When she could stand again, Mara didn’t touch her.
She didn’t rush her.
She simply handed Jessie a cup of water and stayed nearby until Jessie nodded that she was okay.
Later, Jessie sat on the front steps of the shelter, the cold air sharp against her face.
She waited for the familiar wave of shame to arrive—for the voice that told her she should be past this by now.
It didn’t come.
Instead, there was disappointment. Quiet, manageable, human.
She had wanted to believe healing meant immunity.
Her phone buzzed.
Lucy: How was today?
Jessie stared at the screen.
Her instinct was to minimize—to soften the truth so it didn’t sound like failure.
She erased her first response and typed again.
Jessie: Hard. But handled.
The reply came almost instantly.
Lucy: That counts.
Jessie exhaled slowly, leaning her head back against the brick wall.
Lucy never tried to rescue her from discomfort.
She simply reminded her what mattered.
That evening, Jessie debated canceling dinner.
She was exhausted, emotionally scraped raw.
Old habits whispered that isolation would be easier—that vulnerability, even the gentle kind, was too much after a day like this.

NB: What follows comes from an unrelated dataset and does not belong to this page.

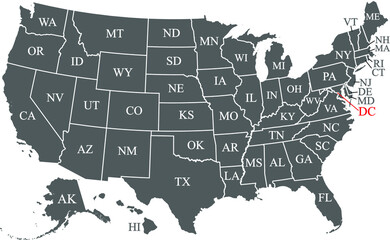 USA map states and capitals printable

Then her phone buzzed again.
Daniel: Dinner tomorrow? No pressure if you’re wiped.
Jessie stared at the message, surprised by the lack of expectation.
He always left room.
Always gave her choice.
She typed back carefully.
Jessie: Tomorrow works. But I might need to leave early.

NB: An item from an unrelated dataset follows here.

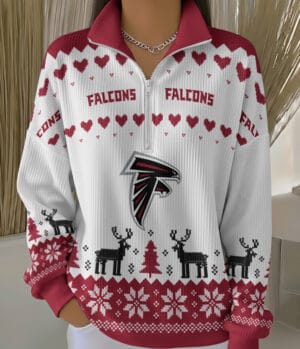 Atlanta Falcons 2025 Edition Quarter Zip Corduroy Sweatshirt for Christmas AMCCLG001439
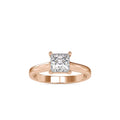 SKU: 0013 (22K) Princess Diamond  Engagment Ring in Rose Gold.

Daniel: Not a problem, thank you for telling me.
At dinner the next night, Jessie chose honesty—not the full story, not the details that still felt sharp, but the truth of the experience.
“I had a trigger at work,” she said, eyes fixed on the table. “A loud noise. It caught me off guard.”

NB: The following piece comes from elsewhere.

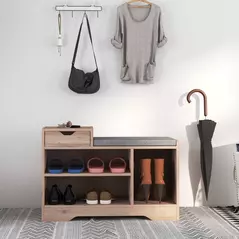 HOMCOM Multi-Compartment Shoe Bench, with Seat - Grey - 2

Daniel didn’t flinch. “Do you want to talk about it?”
“Not really,” Jessie admitted. “I just need you to know that sometimes my body reacts before I can stop it.”
Daniel nodded slowly. “Okay.”
She glanced up, surprised. “That’s it?”
“That’s it,” he said. “You don’t need fixing. You just need space to be human.”
Something in her chest loosened.
“I don’t want to be fragile,” Jessie said quietly.
Daniel met her gaze. “You weren’t fragile today. You handled something hard.”
Jessie considered that.
Therapy had taught her to reframe moments like these, but hearing it from someone outside that room carried weight.
Later, walking home alone, Jessie thought about the girls at the shelter—the way some of them shut down after a setback, convinced they had undone weeks of progress.
She recognized that voice now.
It was lying.
That night, Jessie wrote in her journal:
Triggers are not failures. They are information. My body is not betraying me—it is communicating. Healing isn’t the absence of reaction. It’s the presence of response.
The next day, a girl named Lila flinched when a door slammed down the hall.
Jessie saw the moment of panic flash across her face.
Jessie sat beside her, keeping her voice low.
“That startled me too,” she said. “Want to breathe together for a second?”
Lila nodded.
They breathed.
Jessie felt grounded—not because she was unshaken, but because she knew how to stay.
That was the difference now.
She wasn’t trying to erase the past.
She was learning how to live with it without letting it lead.